Work instruction. The whole listing needs retyping exactly; keep the pictures out of it.

Given entries.
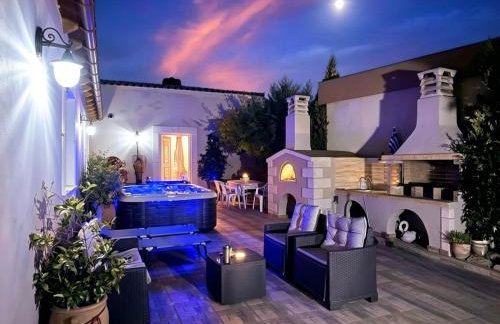 Villa Asterousia with Private Night Spa, BBQ & Lounge - Photo 3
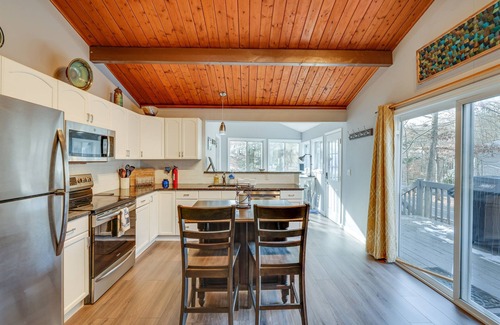 Bushkill Casa | Free Outdoor Pool & Lake Access & More!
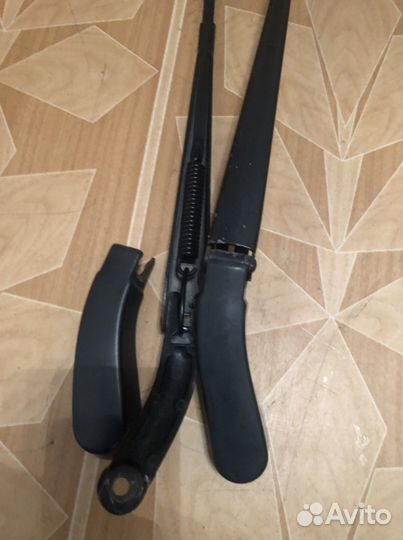 Поводок стеклоочистителя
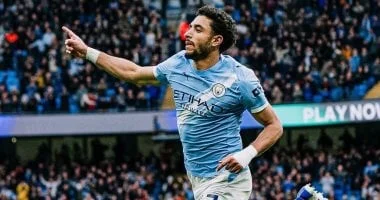 مانشستر سيتي يتمسك بعمر مرموش بعد تألقه أمام برينتفورد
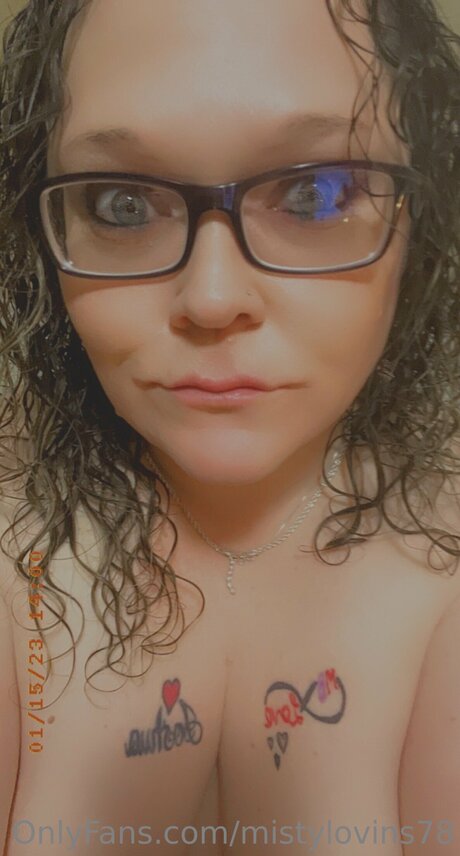 Mistylovins78 model erotic photo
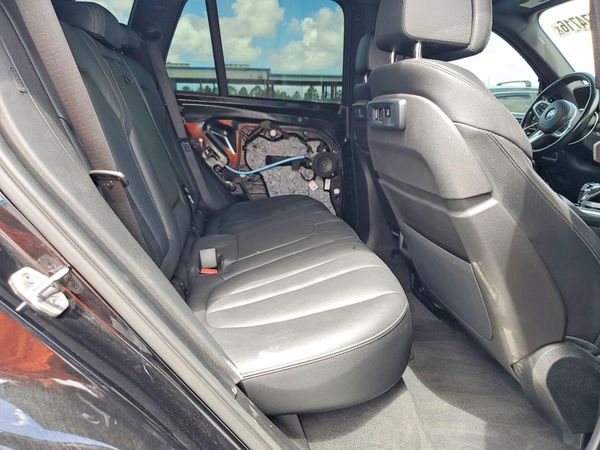 2022 BMW X5 M50i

Result of the task.
 Villa Asterousia with Private Night Spa, BBQ & Lounge - Photo 3
 Bushkill Casa | Free Outdoor Pool & Lake Access & More!
 Поводок стеклоочистителя
 مانشستر سيتي يتمسك بعمر مرموش بعد تألقه أمام برينتفورد
 Mistylovins78 model erotic photo
 2022 BMW X5 M50i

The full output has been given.